Draws a sample from each distributions.
returns: index of the machine that yielded the highest value
"""
ps = [pmf_choice(m) for m in machines]
return np.argmax(ps)
This function chooses one value from the posterior distribution of each machine and then uses argmax
to find the index of the machine that chose the highest value.
Here's an example.
choose(machines)
Putting it all together, the following function chooses a machine, plays once, and updates machines
:
def choose_play_update(machines, verbose=False):
"""Chose a machine, play it, and update machines.

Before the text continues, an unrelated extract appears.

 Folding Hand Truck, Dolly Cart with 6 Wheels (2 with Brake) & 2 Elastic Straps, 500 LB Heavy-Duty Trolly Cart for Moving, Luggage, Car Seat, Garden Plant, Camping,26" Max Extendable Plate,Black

machines: list of Pmf objects
verbose: Boolean, whether to print results
"""
# choose a machine
i = choose(machines)
# play it
outcome = play(i)
# update beliefs
update(machines[i], outcome)
if verbose:
print(i, outcome, pmf_mean(machines[i]))
Here's an example
choose_play_update(machines, verbose=True)

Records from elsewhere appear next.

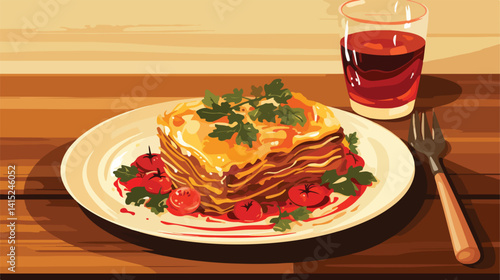 Delicious Tomato Lasagna and Wine on Plate Presentation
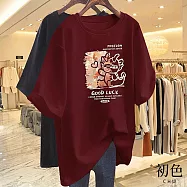 【初色】中大碼線條渲染龍形印花字母短袖T恤上衣女上衣-共8色-33199(M-2XL可選) XL 酒紅色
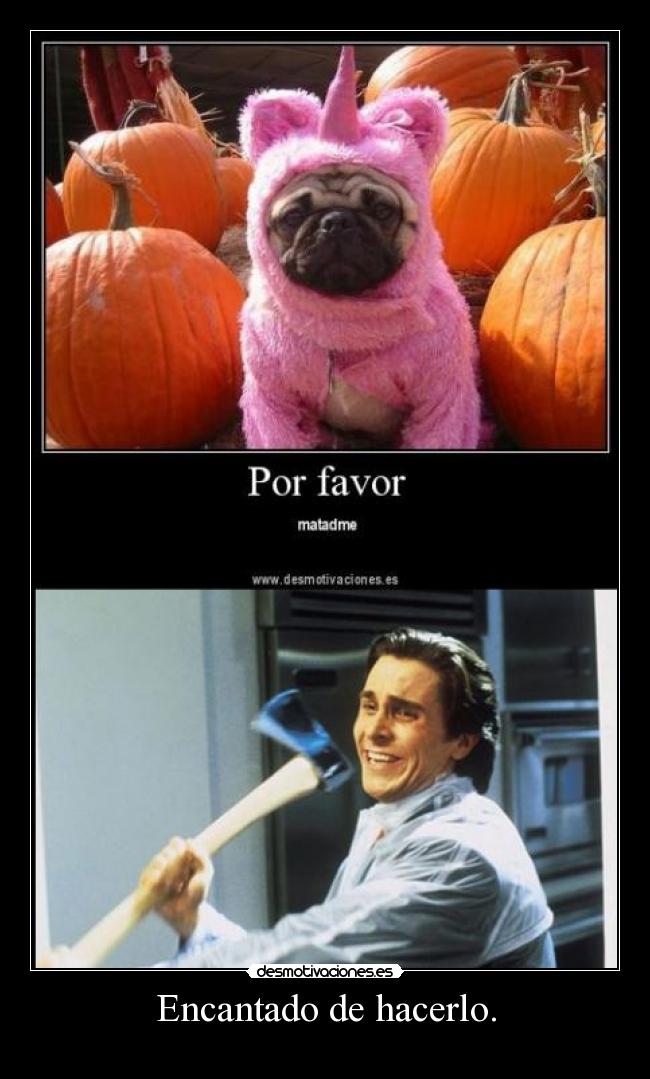 carteles american psycho perro unicornio rosa desmotivaciones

Let's start again with a fresh set of machines and an empty Counter
.
machines = [prior.copy() for i in range(4)]
counter = Counter()
If we run the bandit algorithm 100 times, we can see how machines
gets updated:
num_plays = 100
for _ in range(num_plays):
choose_play_update(machines)
plot(machines)
We can summarize machines
by printing the posterior mean and credible interval:
for i, m in enumerate(machines):
print(pmf_mean(m), credible_interval(m, 0.9))
The credible intervals usually contain the true values (0.1, 0.2, 0.3, and 0.4).
The estimates are still rough, especially for the lower-probability machines. But that's a feature, not a bug: the goal is to play the high-probability machines most often. Making the estimates more precise is a means to that end, but not an end itself.
Let's see how many times each machine got played. If things go according to plan, the machines with higher probabilities should get played more often.
for i, count in sorted(counter.items()):
print(i, count)
Go back and run this section again with a different value of num_play
and see how it does.
The algorithm I presented in this notebook is called Thompson sampling. It is an example of a general strategy called Bayesian decision theory, which is the idea of using a posterior distribution as part of a decision-making process, usually by choosing an action that minimizes the costs we expect on average (or maximizes the benefits).
In my opinion, strategies like this are the biggest advantage of Bayesian methods over classical statistics. When we represent knowledge in the form of probability distributions, Bayes's theorem tells us how to change our beliefs as we get more data, and Bayesian decision theory tells us how to use those beliefs to make better decisions.